Collected data entries
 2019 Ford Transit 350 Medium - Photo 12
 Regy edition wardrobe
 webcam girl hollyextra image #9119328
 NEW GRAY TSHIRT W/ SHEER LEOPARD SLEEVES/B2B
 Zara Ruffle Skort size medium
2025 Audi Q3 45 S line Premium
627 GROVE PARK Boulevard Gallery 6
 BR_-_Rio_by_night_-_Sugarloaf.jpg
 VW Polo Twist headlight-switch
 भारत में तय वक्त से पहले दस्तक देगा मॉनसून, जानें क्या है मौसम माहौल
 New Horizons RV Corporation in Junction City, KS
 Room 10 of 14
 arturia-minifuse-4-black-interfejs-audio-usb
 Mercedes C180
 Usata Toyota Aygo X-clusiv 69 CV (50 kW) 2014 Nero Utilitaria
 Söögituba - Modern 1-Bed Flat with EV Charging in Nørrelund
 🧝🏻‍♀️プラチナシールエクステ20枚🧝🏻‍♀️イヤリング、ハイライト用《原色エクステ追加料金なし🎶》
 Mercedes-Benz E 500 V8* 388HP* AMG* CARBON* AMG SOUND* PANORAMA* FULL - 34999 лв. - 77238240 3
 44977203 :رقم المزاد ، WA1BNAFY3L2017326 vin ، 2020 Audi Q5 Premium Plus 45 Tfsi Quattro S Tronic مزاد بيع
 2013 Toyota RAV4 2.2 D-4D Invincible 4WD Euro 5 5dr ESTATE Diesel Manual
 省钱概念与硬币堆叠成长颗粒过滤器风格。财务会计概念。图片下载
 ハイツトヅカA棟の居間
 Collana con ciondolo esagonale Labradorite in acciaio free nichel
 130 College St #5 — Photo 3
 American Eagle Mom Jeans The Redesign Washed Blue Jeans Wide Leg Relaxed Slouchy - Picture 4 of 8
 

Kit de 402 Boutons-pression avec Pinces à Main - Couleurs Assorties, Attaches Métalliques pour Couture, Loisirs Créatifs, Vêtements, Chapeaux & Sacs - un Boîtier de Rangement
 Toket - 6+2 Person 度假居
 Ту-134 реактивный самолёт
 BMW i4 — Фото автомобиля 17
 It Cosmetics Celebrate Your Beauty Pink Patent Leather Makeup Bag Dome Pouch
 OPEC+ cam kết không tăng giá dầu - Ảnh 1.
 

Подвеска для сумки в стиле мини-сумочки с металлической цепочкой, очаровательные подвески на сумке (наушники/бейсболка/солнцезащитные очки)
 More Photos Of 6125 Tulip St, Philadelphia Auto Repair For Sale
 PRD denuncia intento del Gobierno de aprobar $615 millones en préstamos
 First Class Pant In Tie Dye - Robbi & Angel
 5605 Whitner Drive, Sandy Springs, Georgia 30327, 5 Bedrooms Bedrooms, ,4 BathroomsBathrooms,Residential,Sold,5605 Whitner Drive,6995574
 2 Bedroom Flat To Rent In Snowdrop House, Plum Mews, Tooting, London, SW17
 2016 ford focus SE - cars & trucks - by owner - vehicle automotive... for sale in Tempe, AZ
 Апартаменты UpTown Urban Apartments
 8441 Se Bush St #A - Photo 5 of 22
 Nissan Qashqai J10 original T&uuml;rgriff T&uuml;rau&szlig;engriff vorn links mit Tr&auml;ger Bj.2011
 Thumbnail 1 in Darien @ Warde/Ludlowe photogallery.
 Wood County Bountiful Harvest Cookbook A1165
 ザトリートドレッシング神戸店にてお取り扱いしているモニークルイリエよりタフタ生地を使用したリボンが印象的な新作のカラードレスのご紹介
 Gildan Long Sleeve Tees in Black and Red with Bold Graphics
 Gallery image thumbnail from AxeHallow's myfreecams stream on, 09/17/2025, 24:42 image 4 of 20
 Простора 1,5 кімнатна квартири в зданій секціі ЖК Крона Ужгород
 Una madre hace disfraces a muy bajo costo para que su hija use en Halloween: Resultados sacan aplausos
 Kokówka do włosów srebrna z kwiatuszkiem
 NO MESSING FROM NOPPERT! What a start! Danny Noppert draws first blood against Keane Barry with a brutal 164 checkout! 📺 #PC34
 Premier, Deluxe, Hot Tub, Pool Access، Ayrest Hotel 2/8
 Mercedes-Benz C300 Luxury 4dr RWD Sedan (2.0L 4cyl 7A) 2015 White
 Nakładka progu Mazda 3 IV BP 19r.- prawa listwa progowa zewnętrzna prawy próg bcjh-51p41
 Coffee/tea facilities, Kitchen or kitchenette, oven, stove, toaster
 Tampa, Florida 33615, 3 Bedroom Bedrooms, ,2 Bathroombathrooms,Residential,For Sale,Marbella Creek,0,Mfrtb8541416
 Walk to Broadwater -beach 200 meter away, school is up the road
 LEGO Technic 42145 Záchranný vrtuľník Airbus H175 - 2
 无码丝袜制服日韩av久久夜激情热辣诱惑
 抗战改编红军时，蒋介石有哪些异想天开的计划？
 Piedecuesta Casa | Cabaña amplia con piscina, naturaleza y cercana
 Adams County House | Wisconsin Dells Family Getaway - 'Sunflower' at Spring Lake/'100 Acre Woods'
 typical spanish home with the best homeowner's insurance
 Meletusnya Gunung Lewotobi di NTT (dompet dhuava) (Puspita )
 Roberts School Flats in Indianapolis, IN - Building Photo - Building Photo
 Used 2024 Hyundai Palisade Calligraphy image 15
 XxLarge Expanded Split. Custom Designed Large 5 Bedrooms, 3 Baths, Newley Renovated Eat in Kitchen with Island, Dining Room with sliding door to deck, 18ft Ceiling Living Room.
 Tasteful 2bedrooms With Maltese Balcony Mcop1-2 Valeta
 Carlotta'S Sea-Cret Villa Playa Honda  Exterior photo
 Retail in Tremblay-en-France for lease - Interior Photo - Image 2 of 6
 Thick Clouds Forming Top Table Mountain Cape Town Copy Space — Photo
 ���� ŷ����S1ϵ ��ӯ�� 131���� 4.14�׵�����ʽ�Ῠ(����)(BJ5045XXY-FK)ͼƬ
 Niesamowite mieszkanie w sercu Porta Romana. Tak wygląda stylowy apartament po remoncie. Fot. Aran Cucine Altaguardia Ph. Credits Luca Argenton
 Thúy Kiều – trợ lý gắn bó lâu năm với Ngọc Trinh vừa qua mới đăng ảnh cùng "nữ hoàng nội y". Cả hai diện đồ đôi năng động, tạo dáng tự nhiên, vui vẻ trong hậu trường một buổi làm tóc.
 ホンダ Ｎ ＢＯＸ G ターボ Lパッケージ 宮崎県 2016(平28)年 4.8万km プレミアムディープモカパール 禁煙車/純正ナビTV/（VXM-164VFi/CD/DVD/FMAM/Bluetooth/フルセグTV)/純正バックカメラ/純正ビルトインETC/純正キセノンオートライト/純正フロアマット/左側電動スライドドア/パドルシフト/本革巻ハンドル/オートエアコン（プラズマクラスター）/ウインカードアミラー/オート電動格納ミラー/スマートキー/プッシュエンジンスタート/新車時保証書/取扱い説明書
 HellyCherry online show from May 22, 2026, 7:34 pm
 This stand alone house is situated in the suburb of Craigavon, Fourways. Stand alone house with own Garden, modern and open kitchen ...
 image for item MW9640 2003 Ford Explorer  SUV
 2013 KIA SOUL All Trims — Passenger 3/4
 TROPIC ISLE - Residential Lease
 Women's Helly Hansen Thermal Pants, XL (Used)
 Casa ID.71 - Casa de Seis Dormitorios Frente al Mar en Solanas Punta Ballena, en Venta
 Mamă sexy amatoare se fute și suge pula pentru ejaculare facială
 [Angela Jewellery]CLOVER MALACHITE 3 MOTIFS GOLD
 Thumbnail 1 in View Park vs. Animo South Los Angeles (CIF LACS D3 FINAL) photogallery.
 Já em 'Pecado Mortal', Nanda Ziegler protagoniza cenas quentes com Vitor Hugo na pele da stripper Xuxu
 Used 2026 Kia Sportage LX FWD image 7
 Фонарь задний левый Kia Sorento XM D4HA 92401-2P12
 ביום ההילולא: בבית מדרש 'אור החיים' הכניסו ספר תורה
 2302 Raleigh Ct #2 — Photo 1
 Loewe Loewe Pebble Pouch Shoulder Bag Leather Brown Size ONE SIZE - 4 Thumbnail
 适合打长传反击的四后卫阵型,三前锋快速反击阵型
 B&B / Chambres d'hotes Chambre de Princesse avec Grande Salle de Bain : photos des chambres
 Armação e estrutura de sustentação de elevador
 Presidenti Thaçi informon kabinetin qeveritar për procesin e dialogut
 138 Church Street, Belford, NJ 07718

WORK TASK -
Taking the entries above, restate exactly those lines that fall between the line with "typical spanish home" and the line with "Used 2024 Hyundai", keeping both of those lines too.

RESPONSE TO THE EXERCISE -
 typical spanish home with the best homeowner's insurance
 Meletusnya Gunung Lewotobi di NTT (dompet dhuava) (Puspita )
 Roberts School Flats in Indianapolis, IN - Building Photo - Building Photo
 Used 2024 Hyundai Palisade Calligraphy image 15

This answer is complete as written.